WORK REQUEST: Nothing but the lines from the one containing "A loose oval" through the one containing "Finished kitchen featuring", both included, should be given again, each exactly as written below.

TASK INPUTS:
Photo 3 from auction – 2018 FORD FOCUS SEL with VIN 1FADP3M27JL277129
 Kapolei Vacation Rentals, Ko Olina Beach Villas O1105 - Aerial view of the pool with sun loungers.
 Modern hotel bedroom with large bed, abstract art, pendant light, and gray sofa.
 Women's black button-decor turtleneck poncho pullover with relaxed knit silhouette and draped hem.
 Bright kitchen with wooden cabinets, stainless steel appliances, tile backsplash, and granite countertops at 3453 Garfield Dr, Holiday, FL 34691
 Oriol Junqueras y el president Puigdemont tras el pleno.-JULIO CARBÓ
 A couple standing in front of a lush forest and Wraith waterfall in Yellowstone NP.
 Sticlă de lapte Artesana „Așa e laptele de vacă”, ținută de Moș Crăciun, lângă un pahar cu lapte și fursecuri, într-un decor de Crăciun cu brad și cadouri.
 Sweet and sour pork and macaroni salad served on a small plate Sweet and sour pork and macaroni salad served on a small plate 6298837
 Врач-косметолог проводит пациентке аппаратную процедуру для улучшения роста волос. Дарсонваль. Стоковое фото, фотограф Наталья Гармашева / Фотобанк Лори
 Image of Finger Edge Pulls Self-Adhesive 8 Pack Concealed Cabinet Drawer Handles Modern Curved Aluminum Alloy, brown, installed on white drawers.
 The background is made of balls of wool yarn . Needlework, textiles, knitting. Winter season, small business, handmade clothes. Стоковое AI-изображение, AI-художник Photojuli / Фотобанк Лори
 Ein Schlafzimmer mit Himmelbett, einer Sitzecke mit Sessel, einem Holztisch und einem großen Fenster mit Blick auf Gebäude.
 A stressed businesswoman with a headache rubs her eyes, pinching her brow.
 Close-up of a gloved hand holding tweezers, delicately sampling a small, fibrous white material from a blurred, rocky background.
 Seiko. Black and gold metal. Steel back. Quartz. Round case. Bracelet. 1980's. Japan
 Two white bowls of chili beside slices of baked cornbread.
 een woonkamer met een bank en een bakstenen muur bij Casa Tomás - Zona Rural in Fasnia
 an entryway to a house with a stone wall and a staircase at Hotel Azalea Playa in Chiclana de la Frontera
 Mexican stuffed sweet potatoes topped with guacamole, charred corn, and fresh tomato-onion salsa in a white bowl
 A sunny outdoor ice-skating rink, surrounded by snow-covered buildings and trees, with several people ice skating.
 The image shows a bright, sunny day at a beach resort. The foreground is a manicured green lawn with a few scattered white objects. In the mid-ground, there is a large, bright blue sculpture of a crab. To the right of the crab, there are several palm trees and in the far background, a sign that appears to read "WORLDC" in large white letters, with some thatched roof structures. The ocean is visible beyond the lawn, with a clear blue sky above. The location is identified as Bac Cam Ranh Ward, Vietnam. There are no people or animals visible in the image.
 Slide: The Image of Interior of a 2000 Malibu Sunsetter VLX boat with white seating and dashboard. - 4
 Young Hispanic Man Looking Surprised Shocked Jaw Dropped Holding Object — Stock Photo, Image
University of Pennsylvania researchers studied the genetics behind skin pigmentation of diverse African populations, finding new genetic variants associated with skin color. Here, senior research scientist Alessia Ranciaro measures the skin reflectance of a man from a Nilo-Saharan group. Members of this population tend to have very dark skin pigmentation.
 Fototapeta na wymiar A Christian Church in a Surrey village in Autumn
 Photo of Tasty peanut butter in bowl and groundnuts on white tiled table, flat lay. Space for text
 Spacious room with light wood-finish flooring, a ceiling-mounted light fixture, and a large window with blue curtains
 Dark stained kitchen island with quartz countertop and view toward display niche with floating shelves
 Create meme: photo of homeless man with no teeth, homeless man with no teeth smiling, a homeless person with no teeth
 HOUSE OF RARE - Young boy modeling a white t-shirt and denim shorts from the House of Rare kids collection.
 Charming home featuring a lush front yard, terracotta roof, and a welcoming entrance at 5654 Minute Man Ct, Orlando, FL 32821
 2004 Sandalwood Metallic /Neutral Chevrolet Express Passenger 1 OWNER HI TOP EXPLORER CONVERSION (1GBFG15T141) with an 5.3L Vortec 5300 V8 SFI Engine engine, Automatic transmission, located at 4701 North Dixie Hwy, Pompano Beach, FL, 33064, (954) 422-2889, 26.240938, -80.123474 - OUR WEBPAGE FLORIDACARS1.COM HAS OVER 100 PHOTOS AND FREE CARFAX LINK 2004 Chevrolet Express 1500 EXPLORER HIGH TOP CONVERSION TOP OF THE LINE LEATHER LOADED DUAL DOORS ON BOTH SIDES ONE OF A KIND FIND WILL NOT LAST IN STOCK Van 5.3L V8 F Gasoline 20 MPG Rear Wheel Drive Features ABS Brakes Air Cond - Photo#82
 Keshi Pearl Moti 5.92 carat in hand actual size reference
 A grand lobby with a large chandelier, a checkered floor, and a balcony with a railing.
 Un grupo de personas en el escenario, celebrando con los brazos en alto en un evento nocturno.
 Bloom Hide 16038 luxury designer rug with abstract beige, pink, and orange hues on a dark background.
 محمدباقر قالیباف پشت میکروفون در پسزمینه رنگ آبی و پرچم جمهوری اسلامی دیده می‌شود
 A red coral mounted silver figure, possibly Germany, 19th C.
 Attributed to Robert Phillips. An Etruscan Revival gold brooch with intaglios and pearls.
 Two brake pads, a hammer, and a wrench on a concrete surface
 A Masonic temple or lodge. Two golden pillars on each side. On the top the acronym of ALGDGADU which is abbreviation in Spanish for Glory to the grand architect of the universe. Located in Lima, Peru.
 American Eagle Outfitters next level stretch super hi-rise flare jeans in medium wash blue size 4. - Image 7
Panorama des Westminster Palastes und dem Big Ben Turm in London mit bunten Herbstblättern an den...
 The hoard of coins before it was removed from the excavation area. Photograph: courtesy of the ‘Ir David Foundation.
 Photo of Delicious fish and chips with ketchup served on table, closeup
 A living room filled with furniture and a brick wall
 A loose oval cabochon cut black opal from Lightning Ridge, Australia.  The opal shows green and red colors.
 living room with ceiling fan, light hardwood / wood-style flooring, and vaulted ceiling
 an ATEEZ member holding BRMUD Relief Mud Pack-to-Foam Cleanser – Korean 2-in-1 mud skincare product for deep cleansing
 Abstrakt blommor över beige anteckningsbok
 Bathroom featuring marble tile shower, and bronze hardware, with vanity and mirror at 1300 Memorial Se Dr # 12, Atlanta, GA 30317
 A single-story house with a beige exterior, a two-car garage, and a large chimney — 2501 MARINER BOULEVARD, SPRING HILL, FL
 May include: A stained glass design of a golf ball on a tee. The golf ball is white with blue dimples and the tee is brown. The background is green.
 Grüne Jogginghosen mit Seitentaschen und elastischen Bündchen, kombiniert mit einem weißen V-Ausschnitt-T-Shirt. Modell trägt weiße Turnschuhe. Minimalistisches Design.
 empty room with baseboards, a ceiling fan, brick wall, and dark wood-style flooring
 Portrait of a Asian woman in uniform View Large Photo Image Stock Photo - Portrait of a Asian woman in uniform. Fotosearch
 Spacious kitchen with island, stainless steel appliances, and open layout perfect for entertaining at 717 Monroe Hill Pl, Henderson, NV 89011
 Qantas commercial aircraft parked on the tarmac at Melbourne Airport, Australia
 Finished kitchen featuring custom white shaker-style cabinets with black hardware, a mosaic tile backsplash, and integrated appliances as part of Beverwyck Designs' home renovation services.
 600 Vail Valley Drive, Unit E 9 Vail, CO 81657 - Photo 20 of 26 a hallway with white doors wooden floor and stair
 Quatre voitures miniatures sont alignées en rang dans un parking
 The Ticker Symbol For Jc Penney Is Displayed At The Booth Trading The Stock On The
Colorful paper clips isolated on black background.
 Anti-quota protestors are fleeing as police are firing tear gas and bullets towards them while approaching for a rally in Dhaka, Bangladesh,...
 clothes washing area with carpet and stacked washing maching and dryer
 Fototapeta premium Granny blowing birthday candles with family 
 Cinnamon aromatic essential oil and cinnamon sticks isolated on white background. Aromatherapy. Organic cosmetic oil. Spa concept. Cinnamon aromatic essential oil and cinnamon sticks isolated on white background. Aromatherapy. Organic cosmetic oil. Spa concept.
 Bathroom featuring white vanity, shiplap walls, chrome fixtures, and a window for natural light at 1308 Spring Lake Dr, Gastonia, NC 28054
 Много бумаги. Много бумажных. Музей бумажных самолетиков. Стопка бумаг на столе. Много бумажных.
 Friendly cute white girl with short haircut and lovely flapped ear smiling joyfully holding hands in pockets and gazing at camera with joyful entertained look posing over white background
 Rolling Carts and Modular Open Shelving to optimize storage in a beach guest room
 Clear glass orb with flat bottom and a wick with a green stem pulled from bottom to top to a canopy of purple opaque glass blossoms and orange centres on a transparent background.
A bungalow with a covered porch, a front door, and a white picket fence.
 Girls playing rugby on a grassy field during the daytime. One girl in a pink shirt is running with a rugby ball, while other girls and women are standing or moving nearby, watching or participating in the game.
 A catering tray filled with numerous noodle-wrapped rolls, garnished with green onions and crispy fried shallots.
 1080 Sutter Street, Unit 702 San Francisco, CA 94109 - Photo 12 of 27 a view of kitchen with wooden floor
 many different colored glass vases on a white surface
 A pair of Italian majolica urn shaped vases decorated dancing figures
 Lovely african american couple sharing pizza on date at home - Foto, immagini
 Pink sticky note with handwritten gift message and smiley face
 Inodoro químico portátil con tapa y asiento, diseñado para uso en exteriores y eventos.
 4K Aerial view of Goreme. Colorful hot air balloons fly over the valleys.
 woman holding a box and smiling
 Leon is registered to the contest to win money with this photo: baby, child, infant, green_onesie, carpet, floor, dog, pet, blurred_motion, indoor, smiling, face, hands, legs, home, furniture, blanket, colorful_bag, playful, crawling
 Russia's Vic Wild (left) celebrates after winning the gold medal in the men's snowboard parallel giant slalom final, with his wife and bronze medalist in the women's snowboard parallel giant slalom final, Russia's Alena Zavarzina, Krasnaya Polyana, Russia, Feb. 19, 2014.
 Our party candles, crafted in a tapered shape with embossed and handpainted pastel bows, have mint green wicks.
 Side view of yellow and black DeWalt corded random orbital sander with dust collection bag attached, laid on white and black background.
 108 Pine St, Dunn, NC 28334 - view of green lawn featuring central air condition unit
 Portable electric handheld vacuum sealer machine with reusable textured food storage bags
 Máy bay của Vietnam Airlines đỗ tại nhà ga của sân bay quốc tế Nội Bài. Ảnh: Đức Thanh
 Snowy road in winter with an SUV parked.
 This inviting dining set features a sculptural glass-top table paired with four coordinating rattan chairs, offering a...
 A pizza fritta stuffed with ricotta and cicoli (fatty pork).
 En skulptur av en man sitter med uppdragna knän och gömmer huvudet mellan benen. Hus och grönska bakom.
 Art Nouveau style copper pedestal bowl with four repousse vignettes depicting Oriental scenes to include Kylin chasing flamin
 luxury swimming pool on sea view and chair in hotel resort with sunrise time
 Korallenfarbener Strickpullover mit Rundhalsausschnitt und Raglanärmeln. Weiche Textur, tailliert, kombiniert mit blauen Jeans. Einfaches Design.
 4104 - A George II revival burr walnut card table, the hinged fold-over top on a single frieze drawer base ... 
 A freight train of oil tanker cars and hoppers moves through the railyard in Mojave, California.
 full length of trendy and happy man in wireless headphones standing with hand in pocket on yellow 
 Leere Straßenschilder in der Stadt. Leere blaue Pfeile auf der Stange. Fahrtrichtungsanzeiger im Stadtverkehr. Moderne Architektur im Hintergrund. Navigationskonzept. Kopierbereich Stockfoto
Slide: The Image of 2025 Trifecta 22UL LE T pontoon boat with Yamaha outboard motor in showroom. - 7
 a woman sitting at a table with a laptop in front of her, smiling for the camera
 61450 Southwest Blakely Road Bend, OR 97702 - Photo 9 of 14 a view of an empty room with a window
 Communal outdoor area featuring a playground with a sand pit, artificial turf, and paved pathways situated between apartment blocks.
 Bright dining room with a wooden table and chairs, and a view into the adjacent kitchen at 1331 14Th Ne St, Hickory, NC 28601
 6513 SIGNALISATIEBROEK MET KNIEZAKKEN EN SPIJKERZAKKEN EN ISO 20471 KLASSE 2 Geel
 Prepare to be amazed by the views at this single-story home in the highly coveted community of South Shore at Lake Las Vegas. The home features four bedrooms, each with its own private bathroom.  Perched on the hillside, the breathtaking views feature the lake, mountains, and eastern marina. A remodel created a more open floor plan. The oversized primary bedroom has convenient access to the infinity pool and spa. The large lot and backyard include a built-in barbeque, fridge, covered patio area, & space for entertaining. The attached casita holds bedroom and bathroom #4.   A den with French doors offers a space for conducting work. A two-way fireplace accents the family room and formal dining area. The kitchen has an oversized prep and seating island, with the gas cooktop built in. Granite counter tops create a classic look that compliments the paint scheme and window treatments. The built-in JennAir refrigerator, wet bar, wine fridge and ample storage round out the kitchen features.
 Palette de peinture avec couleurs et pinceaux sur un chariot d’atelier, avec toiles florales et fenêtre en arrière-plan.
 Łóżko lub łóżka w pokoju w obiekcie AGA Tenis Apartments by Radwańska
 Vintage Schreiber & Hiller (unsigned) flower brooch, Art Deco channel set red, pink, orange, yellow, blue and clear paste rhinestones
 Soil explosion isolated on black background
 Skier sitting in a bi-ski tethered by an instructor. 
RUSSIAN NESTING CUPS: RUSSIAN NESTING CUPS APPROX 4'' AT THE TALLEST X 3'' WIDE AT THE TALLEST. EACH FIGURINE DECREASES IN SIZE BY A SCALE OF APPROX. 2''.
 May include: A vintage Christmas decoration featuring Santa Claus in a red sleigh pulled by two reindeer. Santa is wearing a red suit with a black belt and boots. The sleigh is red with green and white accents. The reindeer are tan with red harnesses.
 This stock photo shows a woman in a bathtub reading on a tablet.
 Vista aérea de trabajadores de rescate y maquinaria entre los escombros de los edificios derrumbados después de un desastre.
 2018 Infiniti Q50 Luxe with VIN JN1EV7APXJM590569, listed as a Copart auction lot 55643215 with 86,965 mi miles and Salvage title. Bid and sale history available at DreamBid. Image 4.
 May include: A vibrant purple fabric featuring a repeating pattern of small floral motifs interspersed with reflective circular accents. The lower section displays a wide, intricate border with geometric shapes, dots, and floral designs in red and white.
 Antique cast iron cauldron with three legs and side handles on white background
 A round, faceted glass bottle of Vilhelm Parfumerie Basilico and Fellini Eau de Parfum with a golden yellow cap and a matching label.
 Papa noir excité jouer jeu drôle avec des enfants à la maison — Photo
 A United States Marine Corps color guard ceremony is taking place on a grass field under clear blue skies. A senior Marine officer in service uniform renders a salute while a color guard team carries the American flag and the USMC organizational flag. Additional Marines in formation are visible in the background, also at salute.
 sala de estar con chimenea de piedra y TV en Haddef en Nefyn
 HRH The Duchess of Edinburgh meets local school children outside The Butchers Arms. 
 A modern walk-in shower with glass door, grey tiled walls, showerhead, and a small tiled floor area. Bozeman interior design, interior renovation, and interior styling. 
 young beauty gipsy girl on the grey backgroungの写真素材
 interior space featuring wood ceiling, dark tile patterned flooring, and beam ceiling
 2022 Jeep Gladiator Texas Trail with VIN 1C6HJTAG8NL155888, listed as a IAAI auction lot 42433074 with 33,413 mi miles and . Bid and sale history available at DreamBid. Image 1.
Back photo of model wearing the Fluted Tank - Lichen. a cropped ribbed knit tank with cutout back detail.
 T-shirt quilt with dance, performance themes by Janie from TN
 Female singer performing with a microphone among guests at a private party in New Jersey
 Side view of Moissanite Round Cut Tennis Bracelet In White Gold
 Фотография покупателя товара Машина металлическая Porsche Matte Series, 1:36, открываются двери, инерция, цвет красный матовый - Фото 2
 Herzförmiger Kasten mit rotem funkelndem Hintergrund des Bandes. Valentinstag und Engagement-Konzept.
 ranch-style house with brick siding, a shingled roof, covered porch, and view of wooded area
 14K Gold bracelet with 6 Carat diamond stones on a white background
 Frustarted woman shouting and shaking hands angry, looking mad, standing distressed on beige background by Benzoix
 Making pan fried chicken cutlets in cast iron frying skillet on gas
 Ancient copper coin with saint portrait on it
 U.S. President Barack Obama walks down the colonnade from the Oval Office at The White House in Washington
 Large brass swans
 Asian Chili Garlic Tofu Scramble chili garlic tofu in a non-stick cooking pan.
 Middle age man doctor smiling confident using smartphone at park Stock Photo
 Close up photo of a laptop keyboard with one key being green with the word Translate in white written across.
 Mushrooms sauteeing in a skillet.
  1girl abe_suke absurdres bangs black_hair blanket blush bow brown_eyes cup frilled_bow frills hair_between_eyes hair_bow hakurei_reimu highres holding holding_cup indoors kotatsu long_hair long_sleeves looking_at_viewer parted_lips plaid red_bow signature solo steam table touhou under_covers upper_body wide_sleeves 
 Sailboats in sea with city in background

COMPLETED TASK:
 A loose oval cabochon cut black opal from Lightning Ridge, Australia.  The opal shows green and red colors.
 living room with ceiling fan, light hardwood / wood-style flooring, and vaulted ceiling
 an ATEEZ member holding BRMUD Relief Mud Pack-to-Foam Cleanser – Korean 2-in-1 mud skincare product for deep cleansing
 Abstrakt blommor över beige anteckningsbok
 Bathroom featuring marble tile shower, and bronze hardware, with vanity and mirror at 1300 Memorial Se Dr # 12, Atlanta, GA 30317
 A single-story house with a beige exterior, a two-car garage, and a large chimney — 2501 MARINER BOULEVARD, SPRING HILL, FL
 May include: A stained glass design of a golf ball on a tee. The golf ball is white with blue dimples and the tee is brown. The background is green.
 Grüne Jogginghosen mit Seitentaschen und elastischen Bündchen, kombiniert mit einem weißen V-Ausschnitt-T-Shirt. Modell trägt weiße Turnschuhe. Minimalistisches Design.
 empty room with baseboards, a ceiling fan, brick wall, and dark wood-style flooring
 Portrait of a Asian woman in uniform View Large Photo Image Stock Photo - Portrait of a Asian woman in uniform. Fotosearch
 Spacious kitchen with island, stainless steel appliances, and open layout perfect for entertaining at 717 Monroe Hill Pl, Henderson, NV 89011
 Qantas commercial aircraft parked on the tarmac at Melbourne Airport, Australia
 Finished kitchen featuring custom white shaker-style cabinets with black hardware, a mosaic tile backsplash, and integrated appliances as part of Beverwyck Designs' home renovation services.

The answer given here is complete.